I don't need to fact check a ride review from an author I trust, if they actually ride mountain bikes. An AI article about mountain bikes lacks that implicit trust and authenticity. The AI has never ridden a bike before.
Though that reminds me if an interaction with Claude AI, I was at the edge of its knowledge with a problem and I could tell because I had found the exact forum post it quoted. I asked if this command could brick my motherboard, and it said "It's worked on all the MSI boards I have tried it on." So I didn't run the command, mate you've never left your GPU world you definitely don't actually have that experience to back that claim.
I love when they do that. It’s like a glitch in the matrix. It snaps you out of the illusion that these things are more than just a highly compressed form of internet text.
We have many expectations in society which often aren't formalized into a stated commitment. Is it really unreasonable to have some commitment towards society to these less formally stated expectations? And is expecting communication presented as being human to human to actually be from a human unreasonable for such an expectation? I think not.
If you were to find out that the people replying to you were actually bots designed to keep you busy and engaged, feeling a bit betrayed by that seems entirely expected. Even though at no point did those people commit to you that they weren't bots.
Letting someone know they are engaging with a bot seems like basic respect, and I think society benefits from having such a level of basic respect for each other.

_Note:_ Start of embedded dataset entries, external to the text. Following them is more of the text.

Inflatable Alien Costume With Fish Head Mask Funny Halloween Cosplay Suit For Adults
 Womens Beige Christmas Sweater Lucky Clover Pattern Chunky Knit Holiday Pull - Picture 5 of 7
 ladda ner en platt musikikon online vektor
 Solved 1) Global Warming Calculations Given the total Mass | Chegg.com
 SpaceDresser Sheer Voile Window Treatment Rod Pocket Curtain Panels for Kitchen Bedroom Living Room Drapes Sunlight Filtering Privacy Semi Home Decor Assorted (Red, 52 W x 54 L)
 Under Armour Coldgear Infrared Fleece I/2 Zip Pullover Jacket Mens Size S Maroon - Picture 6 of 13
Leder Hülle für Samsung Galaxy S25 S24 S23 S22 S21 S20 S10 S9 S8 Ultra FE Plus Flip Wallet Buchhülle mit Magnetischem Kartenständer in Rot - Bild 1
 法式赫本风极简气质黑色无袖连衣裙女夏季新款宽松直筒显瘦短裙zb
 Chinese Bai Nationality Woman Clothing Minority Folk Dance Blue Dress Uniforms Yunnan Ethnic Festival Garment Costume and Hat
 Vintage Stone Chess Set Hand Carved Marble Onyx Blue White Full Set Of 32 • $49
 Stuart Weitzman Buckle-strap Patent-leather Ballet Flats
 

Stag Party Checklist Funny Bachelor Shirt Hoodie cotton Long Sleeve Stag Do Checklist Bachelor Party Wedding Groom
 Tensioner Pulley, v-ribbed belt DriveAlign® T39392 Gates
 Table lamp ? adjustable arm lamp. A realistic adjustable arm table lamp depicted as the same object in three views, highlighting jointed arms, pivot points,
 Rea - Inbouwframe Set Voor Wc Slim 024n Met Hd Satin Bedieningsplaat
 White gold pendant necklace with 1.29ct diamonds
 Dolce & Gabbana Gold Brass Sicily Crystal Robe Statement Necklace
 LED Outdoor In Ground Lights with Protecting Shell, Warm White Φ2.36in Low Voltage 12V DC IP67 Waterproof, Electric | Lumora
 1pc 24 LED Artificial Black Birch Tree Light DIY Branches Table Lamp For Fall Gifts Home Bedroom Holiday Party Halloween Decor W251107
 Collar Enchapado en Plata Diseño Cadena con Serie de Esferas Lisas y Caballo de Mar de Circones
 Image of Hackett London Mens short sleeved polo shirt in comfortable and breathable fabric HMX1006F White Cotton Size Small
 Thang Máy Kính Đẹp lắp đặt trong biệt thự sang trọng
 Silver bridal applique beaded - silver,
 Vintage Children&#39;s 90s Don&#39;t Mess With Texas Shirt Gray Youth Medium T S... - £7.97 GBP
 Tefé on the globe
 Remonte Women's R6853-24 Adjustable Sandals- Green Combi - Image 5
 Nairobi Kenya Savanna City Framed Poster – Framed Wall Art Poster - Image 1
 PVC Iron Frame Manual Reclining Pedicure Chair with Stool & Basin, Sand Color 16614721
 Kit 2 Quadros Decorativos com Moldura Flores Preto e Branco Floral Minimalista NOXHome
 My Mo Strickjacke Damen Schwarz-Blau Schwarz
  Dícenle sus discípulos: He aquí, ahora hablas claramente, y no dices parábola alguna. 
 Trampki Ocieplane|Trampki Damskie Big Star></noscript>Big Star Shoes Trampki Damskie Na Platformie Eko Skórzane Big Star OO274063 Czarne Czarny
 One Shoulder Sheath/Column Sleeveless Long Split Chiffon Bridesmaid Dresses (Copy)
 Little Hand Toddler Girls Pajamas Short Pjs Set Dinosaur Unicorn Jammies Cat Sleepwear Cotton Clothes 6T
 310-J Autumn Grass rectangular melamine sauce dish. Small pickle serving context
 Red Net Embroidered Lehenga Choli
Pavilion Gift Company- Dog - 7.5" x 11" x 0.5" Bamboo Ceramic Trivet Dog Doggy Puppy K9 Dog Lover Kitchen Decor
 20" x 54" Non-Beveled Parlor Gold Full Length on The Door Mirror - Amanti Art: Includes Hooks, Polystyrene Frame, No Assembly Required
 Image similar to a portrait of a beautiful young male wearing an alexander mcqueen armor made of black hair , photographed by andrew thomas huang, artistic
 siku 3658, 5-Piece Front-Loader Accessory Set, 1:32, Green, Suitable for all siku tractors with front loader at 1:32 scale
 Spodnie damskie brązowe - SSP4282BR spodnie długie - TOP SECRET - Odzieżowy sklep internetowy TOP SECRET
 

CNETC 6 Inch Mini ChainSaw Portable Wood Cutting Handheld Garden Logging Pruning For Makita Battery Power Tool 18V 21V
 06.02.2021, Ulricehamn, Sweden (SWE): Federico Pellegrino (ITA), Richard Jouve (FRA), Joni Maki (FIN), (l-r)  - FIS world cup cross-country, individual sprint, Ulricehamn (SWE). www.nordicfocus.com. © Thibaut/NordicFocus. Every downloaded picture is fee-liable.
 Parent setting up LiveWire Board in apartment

It is a bit like the spouse who says "well I never made a specific commitment that I would be the one picking the gift". I wouldn't like a society where the only commitments are those we formally agree to.
"Random blog can do whatever they want and it's wrong of you to criticize them for anything because you didn't make a mutual commitment" is low-trust society behavior. I, and others, want there to be a social contract that it is frowned upon to violate. This social contract involves not being dishonest.
I made no commitment that says I won't intensely stare at people on the street. But I just might be a jerk if I keep doing it.
"You're not wrong, Walter. you're just an asshole."